Short web captions:
========================
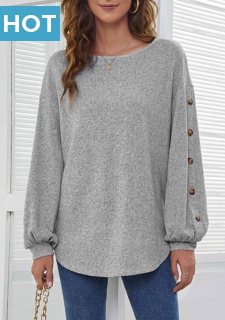 Decorative Button Long Sleeve Light Grey T Shirt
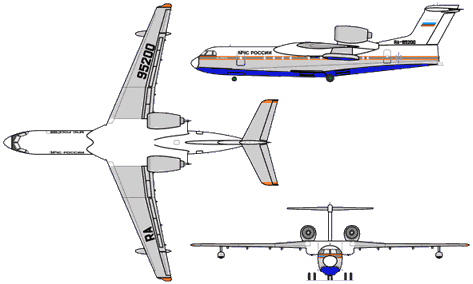 PLan 3 vues du Be-200
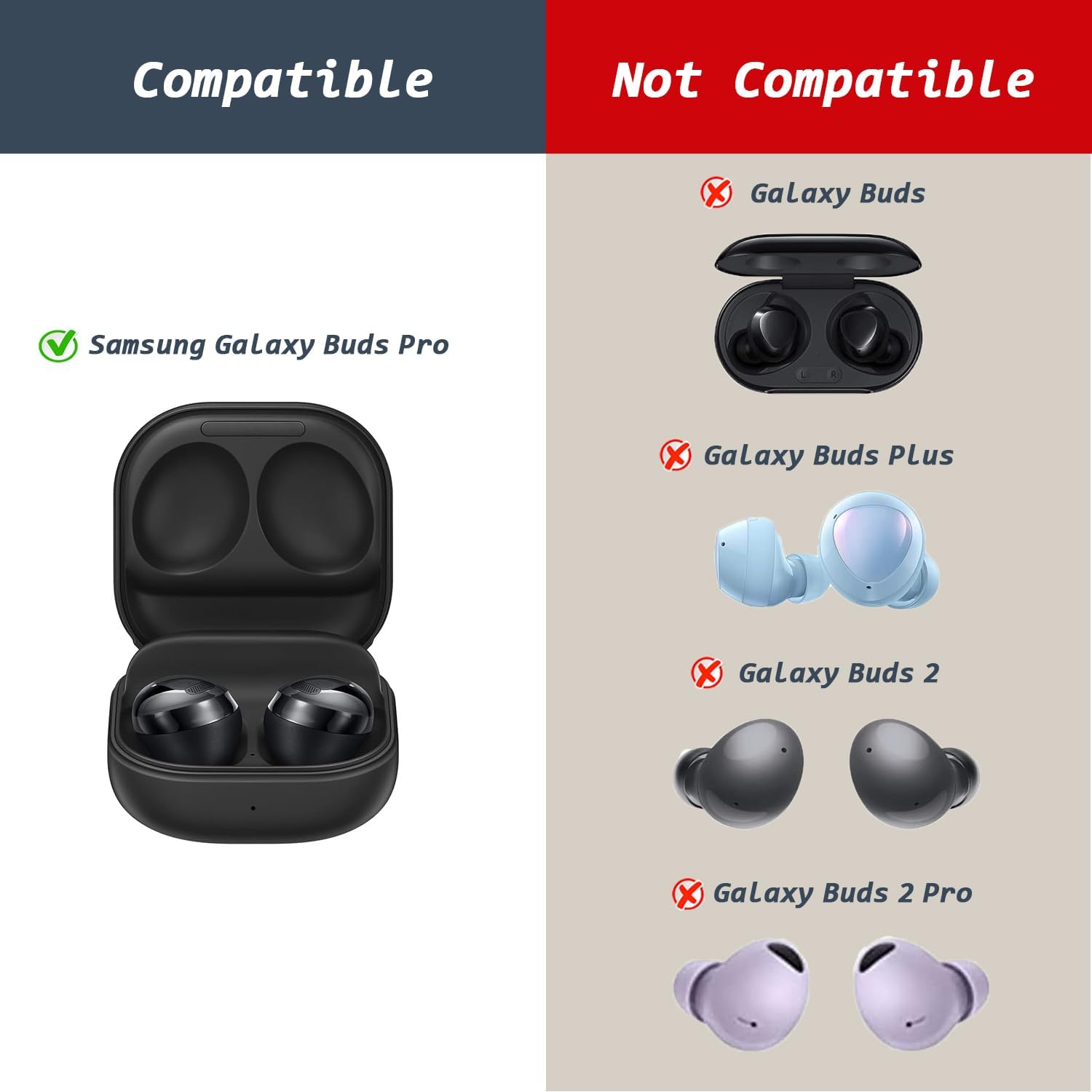 6 Pairs Replacement Eartips for Samsung Galaxy Buds Pro Headphones, Silicone Tips Earbuds Eartips Set, L/M/S Earplug Replacement Accessories (Black, Without Pen)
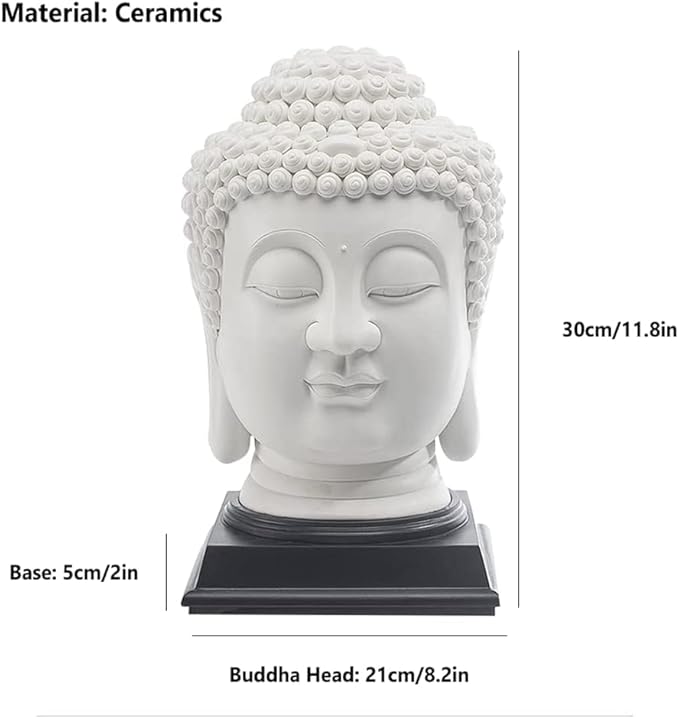 Buddha Statue,buddha statues for home 11.8" Buddah Head Statute Ceramics Buddha Figurine – Hand Carved Collectibles Feng Shui Southeast Asia Buddah Sculpture For Home Decor Praying Buddha Statue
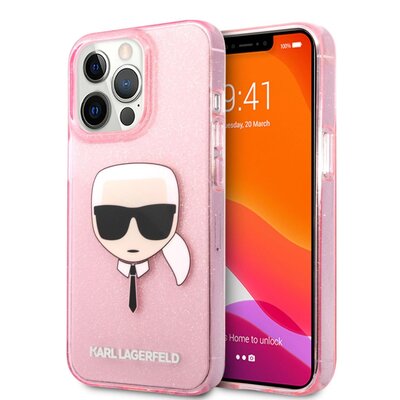 Etui KARL LAGERFELD Karl's Head Glitter do Apple iPhone 13 / 13 Pro Różowy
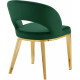 Green Velvet Modern Rounded Back  Accent Dining Chair Gold Legs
========================
Your objective: Would you set down the entries exactly as given, minus their pictures?

Solution for this problem:
 Decorative Button Long Sleeve Light Grey T Shirt
 PLan 3 vues du Be-200
 6 Pairs Replacement Eartips for Samsung Galaxy Buds Pro Headphones, Silicone Tips Earbuds Eartips Set, L/M/S Earplug Replacement Accessories (Black, Without Pen)
 Buddha Statue,buddha statues for home 11.8" Buddah Head Statute Ceramics Buddha Figurine – Hand Carved Collectibles Feng Shui Southeast Asia Buddah Sculpture For Home Decor Praying Buddha Statue
 Etui KARL LAGERFELD Karl's Head Glitter do Apple iPhone 13 / 13 Pro Różowy
 Green Velvet Modern Rounded Back  Accent Dining Chair Gold Legs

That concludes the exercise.